O Solstício celebrou-se há pouco, com madeiros a arder nos largos das aldeias do interior, e o Outono já lá vai. Mas a lembrança das suas cores ilumina ainda estes primeiros e breves dias de Inverno.
Mesmo nos dias mais luminosos do princípio do Inverno, os raios de Sol inclinados projetam longas sombras na paisagem, transformando-a numa manta de retalhos em tons de verde, castanho e cinza, apenas animada pelos brilhos da geada que persiste manhã fora.
Não foi assim há tanto tempo que os carvalhos e os castanheiros deixaram cair as últimas folhas no Caminho de Xisto do Casal de S. Simão.
Nos arredores da aldeia, os diospiros que ninguém colheu pendiam ainda nos ramos despidos e a erva-das-azeitonas, que ninguém aqui usa para temperar as ditas, florescia, viçosa, junto a muros enfeitados de “ruínas” (Cymbalaria muralis).
Lá muito em baixo, a Ribeira de Alge corria agitada por entre as famosas e imponentes Fragas quartzíticas que resguardam há milénios um esplenderoso bosque ripícula. Resquícios da floresta laurissilva, com veneráveis e nobres loureiros (Laurus nobilis), de troncos cobertos de musgos e fetos, e o raro azereiro (Prunus lusitanica), entrelaçam-se, com a ajuda das heras, sob o coberto de carvalhos (carvalho-negral, Quercus pyrenaica) ou mesmo de velhos sobreiros, esses mais arredados da linha de água. Vislumbres do que foi a floresta primitiva, que outrora ocupou grande parte de Portugal Continental, convivem aqui, ironicamente, numa curiosa harmonia, com as marcas da intervenção humana, as antigas levadas e azenhas, mas também as pontes, praia fluvial e passadiços dos tempos modernos.
O caminho de xisto leva-nos a uma pequena povoação onde, há quem diga, ainda se moem cereais: Além da Ribeira. Só o nome convida logo a atravessar a bucólica ponte, prometendo tesouros ou aventuras escondidos na margem de lá do pequeno vale verdejante, digno de um romance de J.R.R. Tolkien.
A partir daqui, o caminho é a subir, acompanhando para montante a Ribeira do Fato que acabou de se juntar à de Alge neste valezinho, e, por isso, faz-se devagar, respirando fundo o ar húmido.
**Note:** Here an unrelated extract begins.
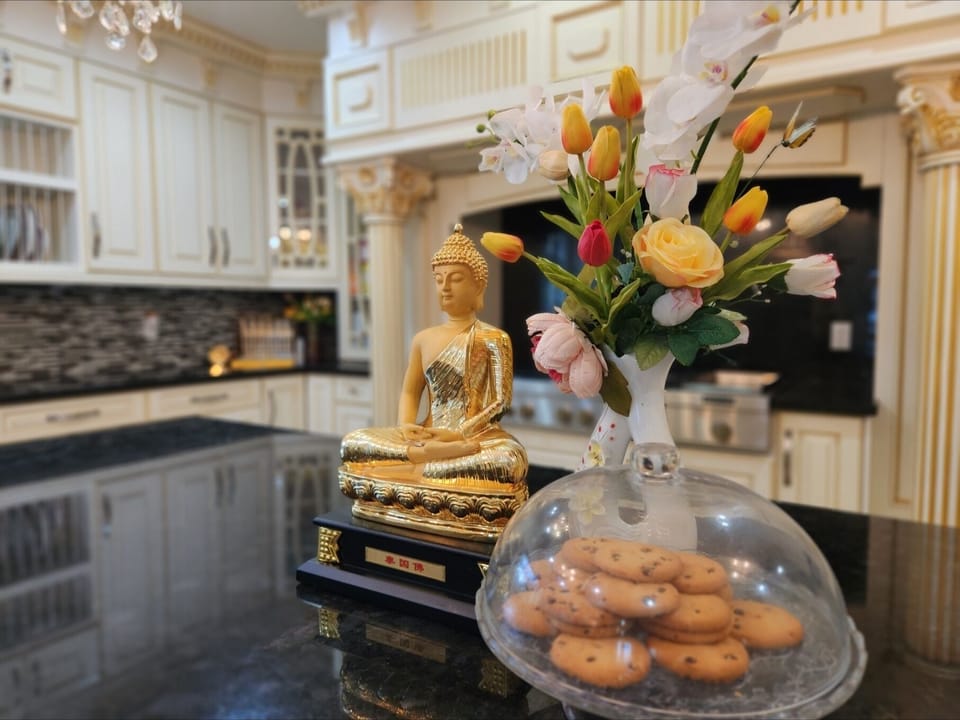 Royal Suite, 1 King Bed, Microwave, Executive Level | Private kitchen | Full-size fridge, microwave, stovetop, cookware/dishes/utensils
Assim, aprecia-se melhor a gilbardeira, a urze, os musgos e os líquenes, os altos castanheiros e os sobreiros que nem parecem sê-lo, com os seus troncos de onde nunca saiu cortiça; descobrem-se castanhas no tapete escorregadio de folhas, algumas já a tentar germinar, prímulas que ainda hão-de florir nos recantos mais sombrios.
Mas é quando a floresta se adensa e escurece que se acendem luzes mágicas. O caminho de xisto ilumina-se de cores vivas: vermelhas, que a princípio se confundem com frutos de medronheiro caídos, laranjas, amarelas, brancas… saídas do misterioso reino dos fungos. Os tesouros descobertos são cogumelos dos géneros Hygrocybe (vermelho vivo e laranja), Amanita (o amarelo Amanita gemmata), Boletus, Otídea (em forma de orelha), Trametes (Trametes versicolor) e o gigante Gymnopilus junonius… entre tantas outras maravilhas deste que é, para nós, um reino inescrutável.
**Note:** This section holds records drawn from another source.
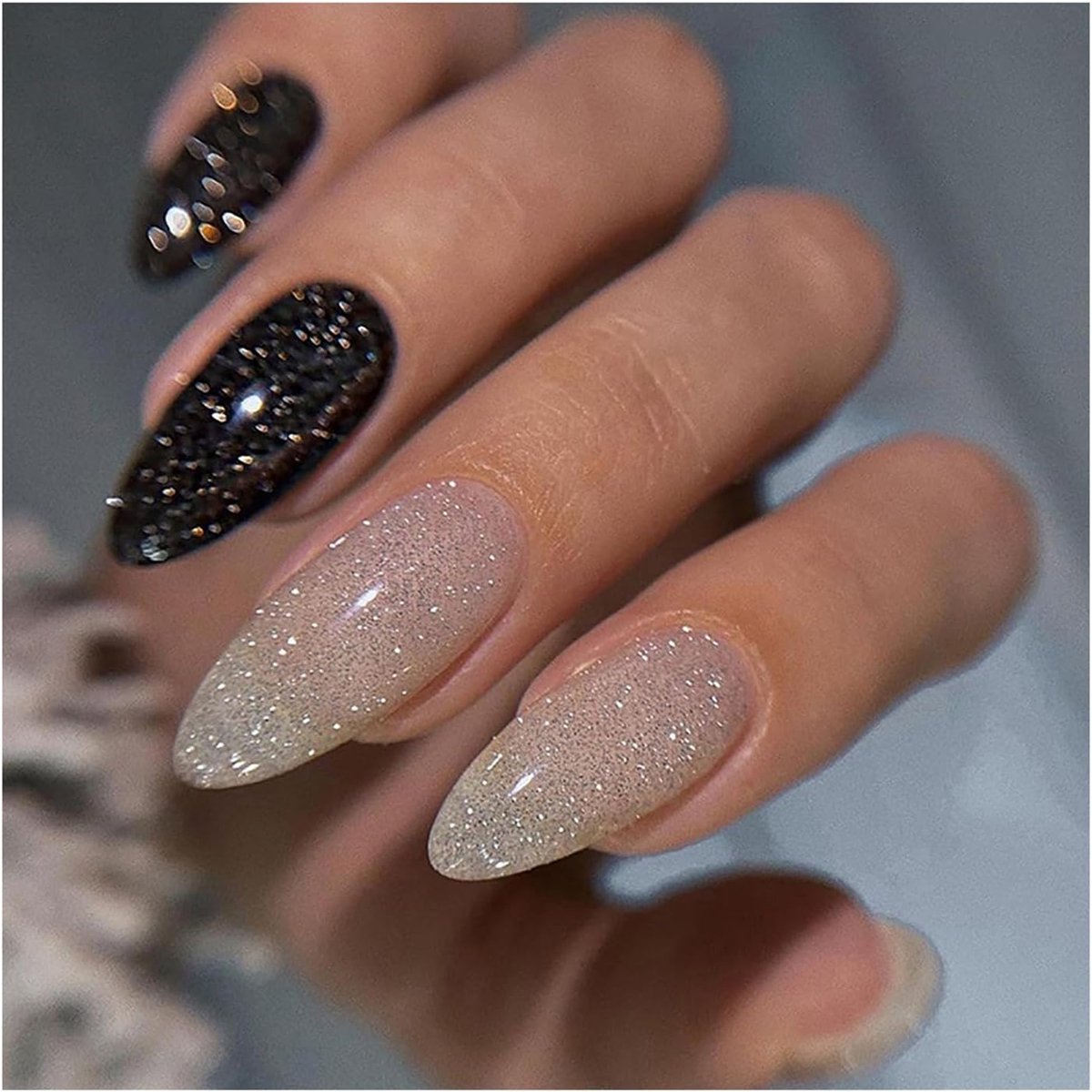 Press on nails set 24 stuks - amandelvormig - zwart-wit met glitters - trendy en elegant - ShopVlot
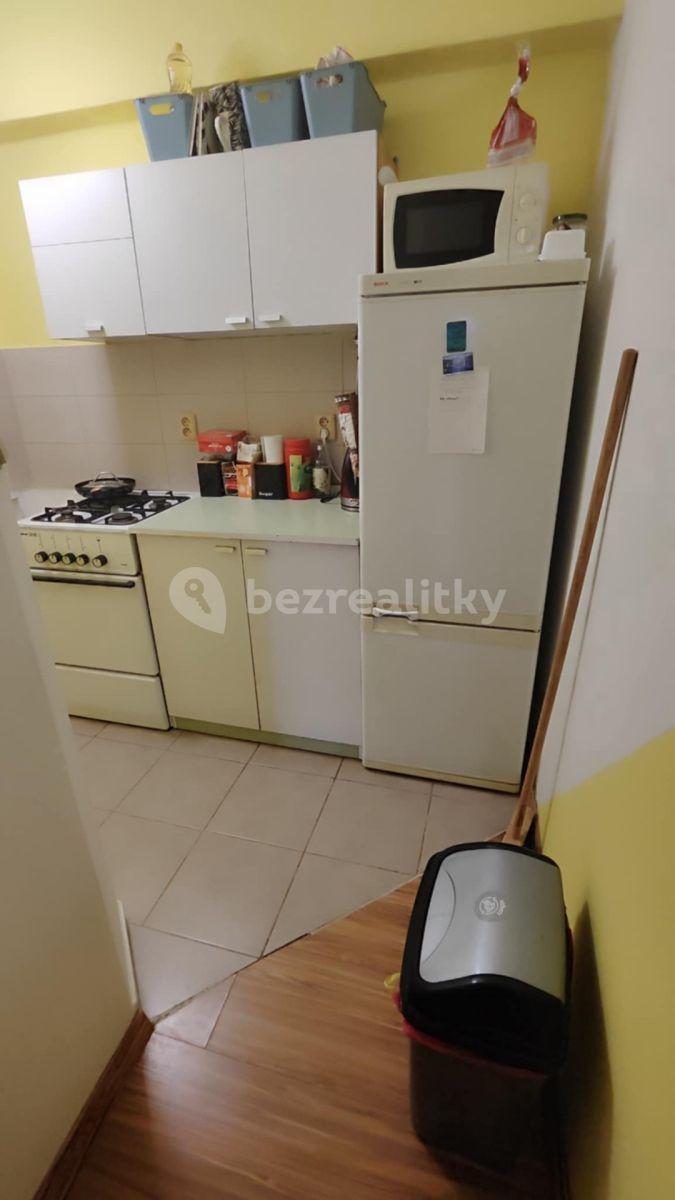 Prenájom bytu 3-izbový 43 m², Evropská, Praha, Praha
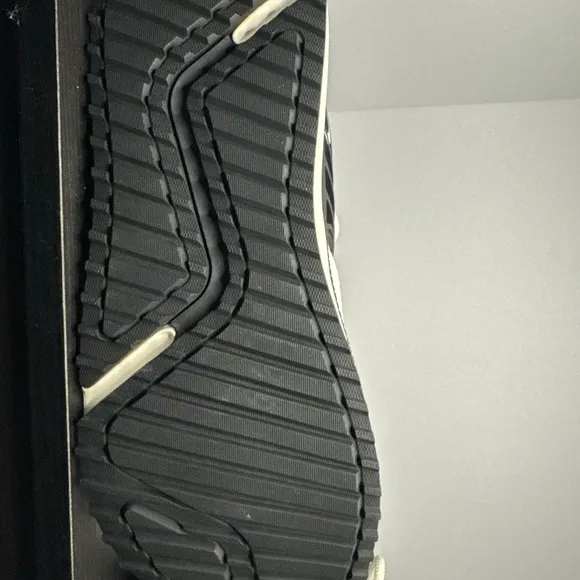 Puma White and Black Sneakers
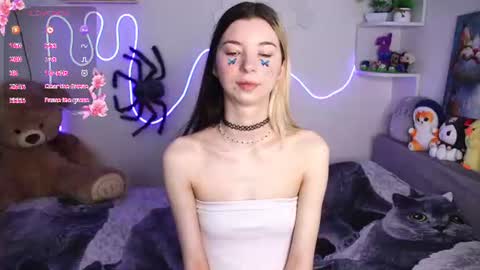 emmie_everly online show from August 6, 2026, 5:09 am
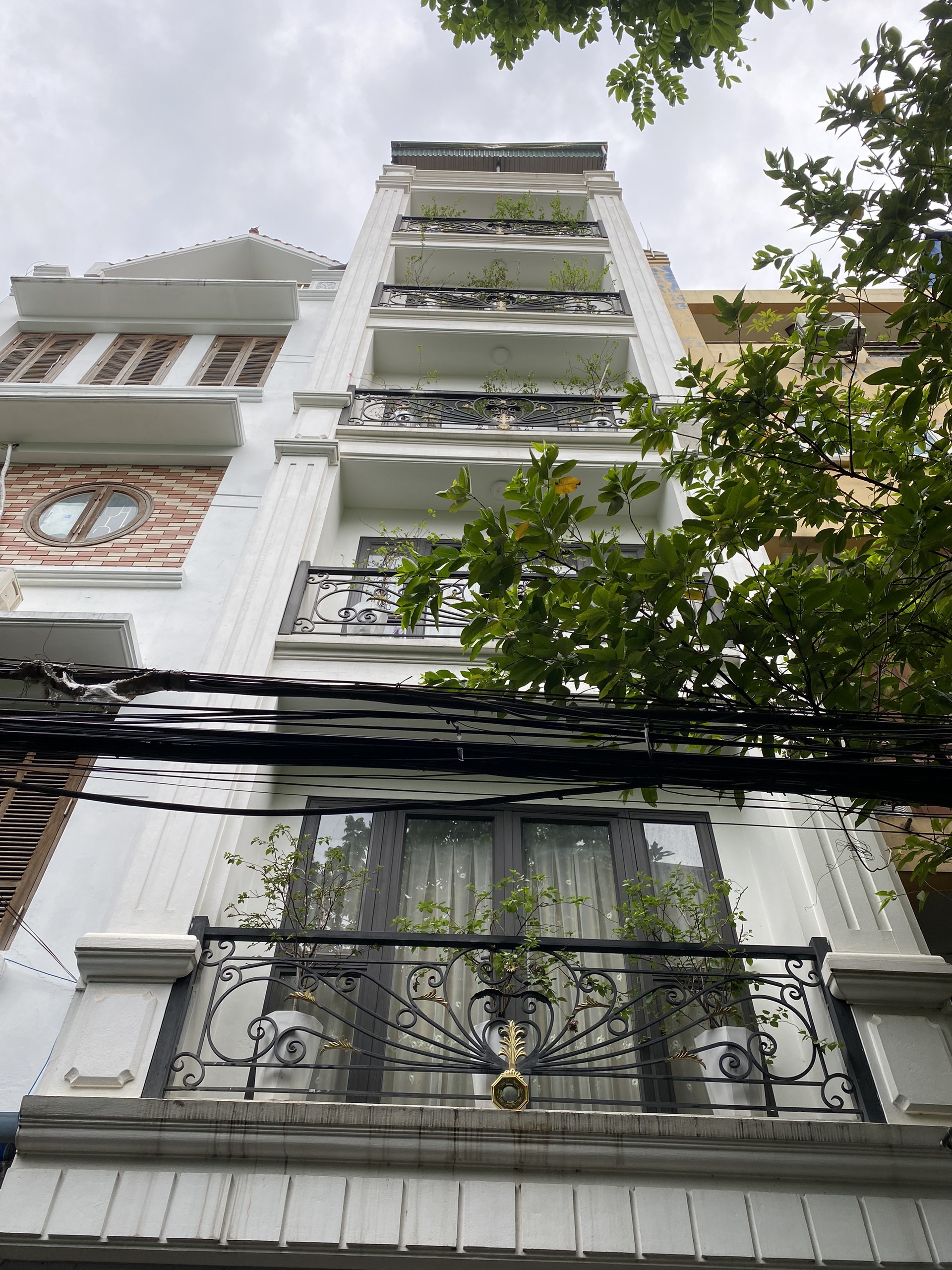 Bán nhà phân lô Phùng Chí Kiên, 53Mx7T, MT4,2m, thang máy, nội thất cao cấp, cách phố 50m.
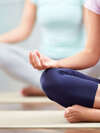Deux personnes en méditation assises sur tapis de yoga pour mieux vivre la ménopause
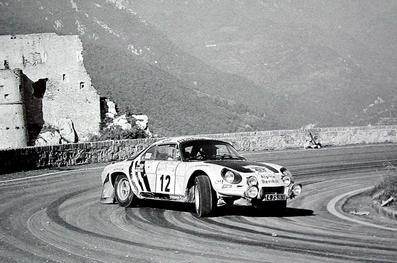 Jean Pierre Nicolas - Vincent Laverne
17º Rallye Sanremo 1975. Alpine-Renault A110 1800 (1475 JB 76). Abandonó por el diferencial del coche.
O que sabemos, e sentimos, é que a floresta, para se manter saudável, como aquela que aqui vimos, precisa da cooperação recíproca com estes seres de aparência frágil, mas de grande resistência e vidas complexas, trocando nutrientes com as espécies vegetais à sua volta (no caso dos fungos simbióticos ou micorrízicos) ou reciclando matéria orgânica e controlando os agentes patogénicos (no caso dos fungos saprófitas, que decompõem manta morta).
A este caminho de xisto, aparentemente, não chegou ainda a moda dos grandes “passeios micológicos”, nos quais, com a desculpa da tradição ou do seu contrário – a nova gastronomia –, são colhidos a eito centenas de quilos de cogumelos, tanto comestíveis como tóxicos (a avaliar depois!), esquecendo-se que o cogumelo é precisamente a estrutura reprodutora do fungo que se espera continuar a encontrar no ano seguinte.
O regresso a casa e ao Inverno faz-se já com saudades antecipadas. Resta-nos esperar que volte a fazer-se luz nos próximos Outonos.